FWIW, I shook Bush the First's hand once. It was in 1980, while he was campaigning for the prezznitial nomination. I was a young reporter for my college newspaper, and I went to cover a campaign event close to campus, in part for a story and in (larger) part because they always had a lot of good free food at those things. I stood in the receiving line to press flesh and ask some inconsequential question, to which he gave a forgettable non-answer. I didn't see any mark of the Beast on him, or gunpowder residue from the JFK killing, but I wasn't as sensitised to such things then. At the time, I thought he was a fairly nice, sensible guy, in contrast to the scary, war-mongering Reagan.

gandhi said...

Bukko, that is pretty funny! What would you do NOW, knowing what you know?

Like the neocons always say these days: hindsight is a marvellous thing!

I remember being horrified when the USA chose Reagan as Prez. I was still in high school, but even I could see he was an abyssmally bad choice. The media kept trying to sell him as a good, decent man who would hold Washington accountable to Teh People, but even I could see (fifteen years old, living in Australia, with minimal interest in politics!) that was bullshit.

And this has-been movie star is now the Gold Standard for US Presidents???? Puh-lease!!!

Bukko_in_Australia said...

Know what you mean about being shocked by Reagan. When he started getting seriously scary about starting the War to End All Worlds, I literally bought 50 1-ounce gold coins (Canadian Maple Leafs, because kruegerrands were unclean back then) and buried them in my yard. In case it all went up, ya know, and we went back to a pre-industrial civilisation.

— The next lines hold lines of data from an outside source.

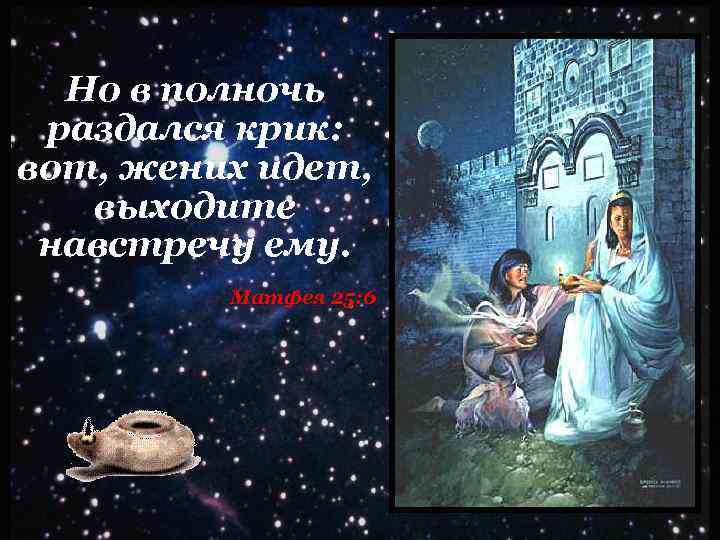 Но в полночь раздался крик: вот, жених идет, выходите навстречу ему. Матфея 25: 6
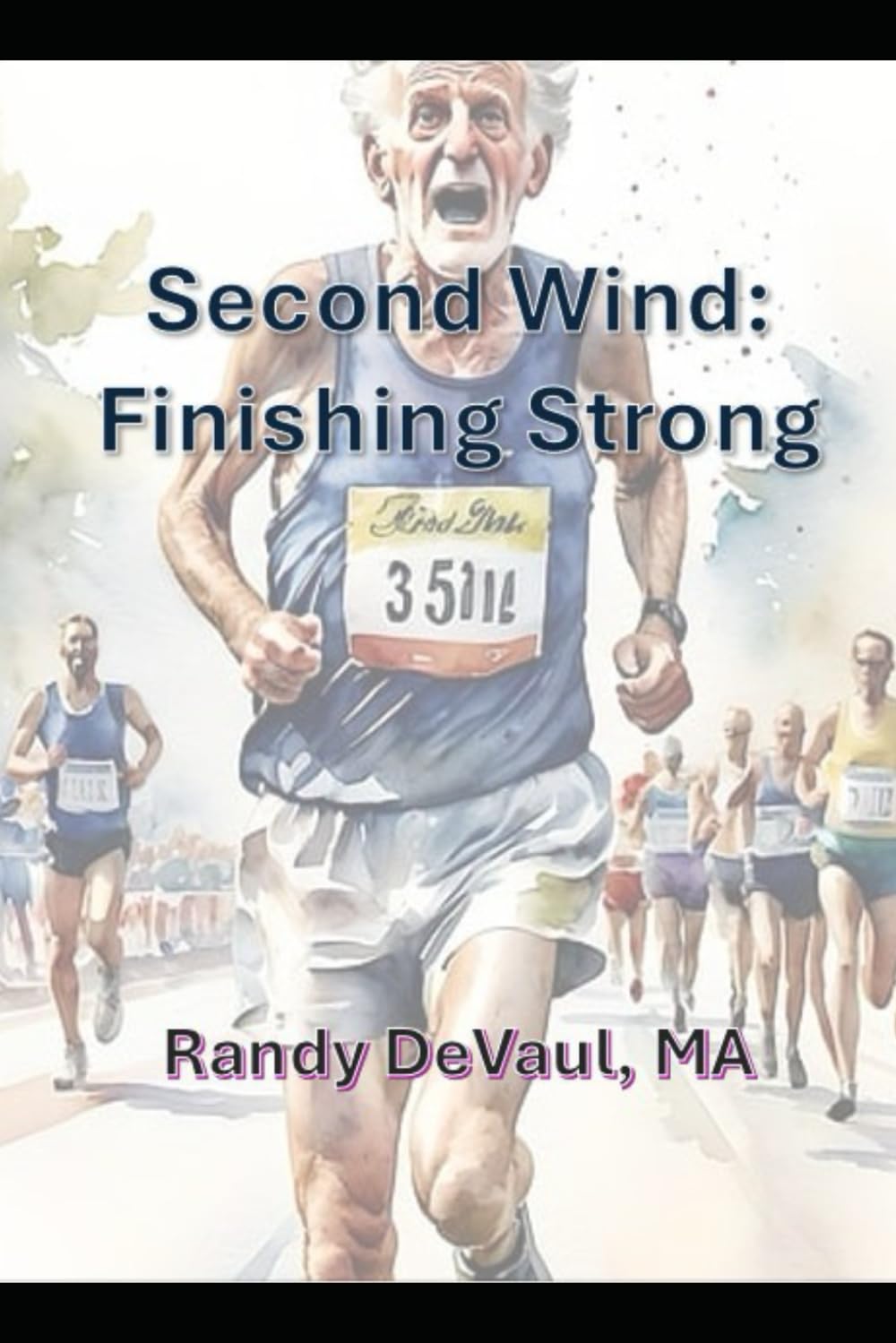 Second Wind: Finishing Strong: Run to Gain the Prize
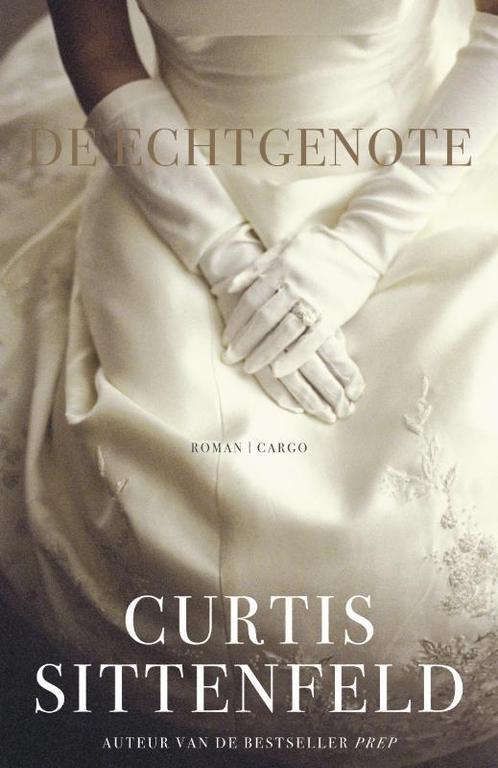 De echtgenote 9789023435167 Curtis Sittenfeld, Boeken, Romans, Gelezen, Verzenden
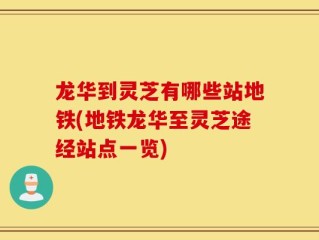 龙华到灵芝有哪些站地铁(地铁龙华至灵芝途经站点一览)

Then the info about nuclear winter began coming out. The yard in which I buried this gold was a cabin I owned on the shoreline of Lake Superior. Beautiful tree-fringed place on a majestic freshwater inland sea, but it was colder than a monkey's tit, or a witches' brass balls, or something like that. More than two metres of snow each winter, which lasted from September through May. To think of nuclear winter on top of that? I gave up on survivalistic thinking and decided I'd just have to die with everyone else...

P.S. If I could ask Bush I just one question, it would be "Are you ashamed of your grandfather, the Nazi financier?" I'd choose the gramps, because I'm sure he's been asked for his shame level re: the misbegotten son too many times already.